Provided records -
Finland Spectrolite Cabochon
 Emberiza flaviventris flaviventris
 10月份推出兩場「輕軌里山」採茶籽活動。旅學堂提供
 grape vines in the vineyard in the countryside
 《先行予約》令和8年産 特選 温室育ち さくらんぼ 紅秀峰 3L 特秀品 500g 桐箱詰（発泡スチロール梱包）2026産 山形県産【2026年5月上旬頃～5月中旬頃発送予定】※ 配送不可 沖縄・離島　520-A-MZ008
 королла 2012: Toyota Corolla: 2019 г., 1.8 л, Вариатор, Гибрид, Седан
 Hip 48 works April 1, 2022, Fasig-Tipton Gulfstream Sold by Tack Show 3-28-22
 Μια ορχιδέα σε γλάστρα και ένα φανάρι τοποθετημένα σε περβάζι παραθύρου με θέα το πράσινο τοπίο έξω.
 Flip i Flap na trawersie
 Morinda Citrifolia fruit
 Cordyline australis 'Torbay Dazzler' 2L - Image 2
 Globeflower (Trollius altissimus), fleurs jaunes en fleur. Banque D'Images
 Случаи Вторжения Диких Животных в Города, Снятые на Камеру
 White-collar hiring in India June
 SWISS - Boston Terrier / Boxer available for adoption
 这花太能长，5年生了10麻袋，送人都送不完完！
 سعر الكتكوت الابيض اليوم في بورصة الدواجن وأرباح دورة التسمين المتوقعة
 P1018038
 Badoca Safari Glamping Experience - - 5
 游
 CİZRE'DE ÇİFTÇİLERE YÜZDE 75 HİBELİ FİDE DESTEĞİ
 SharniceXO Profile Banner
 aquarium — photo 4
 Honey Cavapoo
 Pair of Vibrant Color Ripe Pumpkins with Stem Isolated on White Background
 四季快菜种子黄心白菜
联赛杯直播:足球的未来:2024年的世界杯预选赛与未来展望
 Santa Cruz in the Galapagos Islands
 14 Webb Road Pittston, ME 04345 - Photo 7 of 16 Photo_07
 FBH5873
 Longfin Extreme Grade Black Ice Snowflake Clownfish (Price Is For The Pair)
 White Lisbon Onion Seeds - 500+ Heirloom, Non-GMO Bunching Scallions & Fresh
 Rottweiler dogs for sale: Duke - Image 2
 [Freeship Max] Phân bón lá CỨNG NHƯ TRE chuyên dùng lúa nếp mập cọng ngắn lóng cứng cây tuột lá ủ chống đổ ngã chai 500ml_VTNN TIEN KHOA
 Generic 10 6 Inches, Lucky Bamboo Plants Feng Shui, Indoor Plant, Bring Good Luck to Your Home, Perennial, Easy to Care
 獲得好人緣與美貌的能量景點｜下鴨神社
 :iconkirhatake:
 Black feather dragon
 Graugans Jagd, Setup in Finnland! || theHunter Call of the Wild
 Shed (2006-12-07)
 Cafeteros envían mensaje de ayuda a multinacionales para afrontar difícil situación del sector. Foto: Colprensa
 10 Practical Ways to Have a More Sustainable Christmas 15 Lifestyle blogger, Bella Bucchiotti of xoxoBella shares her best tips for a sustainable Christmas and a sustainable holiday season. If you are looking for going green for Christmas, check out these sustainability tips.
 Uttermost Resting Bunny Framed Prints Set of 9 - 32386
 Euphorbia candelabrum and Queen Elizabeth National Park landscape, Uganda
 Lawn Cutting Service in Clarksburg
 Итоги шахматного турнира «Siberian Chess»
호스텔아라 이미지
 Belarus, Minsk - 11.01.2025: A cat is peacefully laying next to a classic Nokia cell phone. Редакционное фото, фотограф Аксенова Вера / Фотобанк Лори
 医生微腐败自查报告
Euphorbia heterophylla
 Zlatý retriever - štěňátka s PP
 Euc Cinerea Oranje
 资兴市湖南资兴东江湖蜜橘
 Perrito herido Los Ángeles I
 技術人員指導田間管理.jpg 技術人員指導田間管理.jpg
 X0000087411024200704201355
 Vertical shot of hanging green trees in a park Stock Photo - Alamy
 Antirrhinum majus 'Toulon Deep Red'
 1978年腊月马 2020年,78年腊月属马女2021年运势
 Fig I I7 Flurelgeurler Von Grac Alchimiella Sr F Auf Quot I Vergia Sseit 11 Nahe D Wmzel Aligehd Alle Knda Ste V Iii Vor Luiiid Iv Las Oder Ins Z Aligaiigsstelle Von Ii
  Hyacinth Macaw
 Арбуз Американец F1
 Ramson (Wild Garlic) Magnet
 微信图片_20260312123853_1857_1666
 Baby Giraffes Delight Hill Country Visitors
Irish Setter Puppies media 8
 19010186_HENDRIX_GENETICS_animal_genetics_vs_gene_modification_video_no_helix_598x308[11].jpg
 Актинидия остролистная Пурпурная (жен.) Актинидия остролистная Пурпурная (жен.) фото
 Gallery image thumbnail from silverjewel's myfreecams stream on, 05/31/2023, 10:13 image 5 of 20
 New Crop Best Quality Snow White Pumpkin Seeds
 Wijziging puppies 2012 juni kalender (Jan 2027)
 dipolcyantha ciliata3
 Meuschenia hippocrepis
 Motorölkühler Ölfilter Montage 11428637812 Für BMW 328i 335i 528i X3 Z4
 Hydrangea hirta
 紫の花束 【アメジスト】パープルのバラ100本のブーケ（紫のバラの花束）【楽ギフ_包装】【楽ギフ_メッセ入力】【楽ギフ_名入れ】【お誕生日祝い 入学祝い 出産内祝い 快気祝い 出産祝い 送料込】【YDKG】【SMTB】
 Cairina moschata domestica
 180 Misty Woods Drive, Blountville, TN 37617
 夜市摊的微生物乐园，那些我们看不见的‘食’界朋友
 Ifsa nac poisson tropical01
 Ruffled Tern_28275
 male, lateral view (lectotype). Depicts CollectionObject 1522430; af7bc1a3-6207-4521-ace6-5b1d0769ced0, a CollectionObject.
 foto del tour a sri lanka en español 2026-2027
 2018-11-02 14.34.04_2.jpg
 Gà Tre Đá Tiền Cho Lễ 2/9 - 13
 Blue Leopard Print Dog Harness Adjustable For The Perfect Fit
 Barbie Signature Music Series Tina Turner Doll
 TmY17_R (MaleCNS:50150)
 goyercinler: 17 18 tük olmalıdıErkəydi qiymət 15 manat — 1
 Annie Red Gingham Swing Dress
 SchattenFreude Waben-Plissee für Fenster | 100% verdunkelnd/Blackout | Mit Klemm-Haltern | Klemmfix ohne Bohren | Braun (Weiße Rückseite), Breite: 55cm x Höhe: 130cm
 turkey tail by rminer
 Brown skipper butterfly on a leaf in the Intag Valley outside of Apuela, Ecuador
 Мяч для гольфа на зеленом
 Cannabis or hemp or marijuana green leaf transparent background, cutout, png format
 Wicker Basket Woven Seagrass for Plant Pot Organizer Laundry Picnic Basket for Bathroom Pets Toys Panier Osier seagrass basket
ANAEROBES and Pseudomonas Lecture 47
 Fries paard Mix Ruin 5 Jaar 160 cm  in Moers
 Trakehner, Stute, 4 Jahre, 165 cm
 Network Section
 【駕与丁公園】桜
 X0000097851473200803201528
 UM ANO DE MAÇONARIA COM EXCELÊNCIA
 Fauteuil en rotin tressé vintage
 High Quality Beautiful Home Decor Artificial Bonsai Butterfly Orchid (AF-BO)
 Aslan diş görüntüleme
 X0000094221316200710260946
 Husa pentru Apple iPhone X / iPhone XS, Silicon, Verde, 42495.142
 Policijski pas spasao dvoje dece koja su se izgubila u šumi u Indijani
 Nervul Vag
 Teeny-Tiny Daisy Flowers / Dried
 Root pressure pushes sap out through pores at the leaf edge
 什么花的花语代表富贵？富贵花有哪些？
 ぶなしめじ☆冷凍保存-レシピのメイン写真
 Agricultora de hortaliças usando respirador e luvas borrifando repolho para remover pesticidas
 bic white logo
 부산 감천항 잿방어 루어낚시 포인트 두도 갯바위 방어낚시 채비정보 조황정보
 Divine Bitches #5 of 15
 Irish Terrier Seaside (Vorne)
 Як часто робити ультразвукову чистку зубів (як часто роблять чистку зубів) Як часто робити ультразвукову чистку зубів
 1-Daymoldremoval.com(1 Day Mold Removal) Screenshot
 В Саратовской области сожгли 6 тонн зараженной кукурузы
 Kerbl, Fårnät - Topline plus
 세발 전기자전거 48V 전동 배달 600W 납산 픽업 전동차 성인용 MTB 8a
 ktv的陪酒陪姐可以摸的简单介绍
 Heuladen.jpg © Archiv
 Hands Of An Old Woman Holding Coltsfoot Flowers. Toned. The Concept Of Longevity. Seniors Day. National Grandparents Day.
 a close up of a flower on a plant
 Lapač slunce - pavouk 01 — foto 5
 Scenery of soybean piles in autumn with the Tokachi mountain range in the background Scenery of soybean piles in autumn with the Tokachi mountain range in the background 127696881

Instructions to follow -
Begin with the line above that has "Longfin Extreme Grade" and continue through the line that has "Shed (2006-12-07)", setting each one down exactly. Stop there.

Exercise solution -
 Longfin Extreme Grade Black Ice Snowflake Clownfish (Price Is For The Pair)
 White Lisbon Onion Seeds - 500+ Heirloom, Non-GMO Bunching Scallions & Fresh
 Rottweiler dogs for sale: Duke - Image 2
 [Freeship Max] Phân bón lá CỨNG NHƯ TRE chuyên dùng lúa nếp mập cọng ngắn lóng cứng cây tuột lá ủ chống đổ ngã chai 500ml_VTNN TIEN KHOA
 Generic 10 6 Inches, Lucky Bamboo Plants Feng Shui, Indoor Plant, Bring Good Luck to Your Home, Perennial, Easy to Care
 獲得好人緣與美貌的能量景點｜下鴨神社
 :iconkirhatake:
 Black feather dragon
 Graugans Jagd, Setup in Finnland! || theHunter Call of the Wild
 Shed (2006-12-07)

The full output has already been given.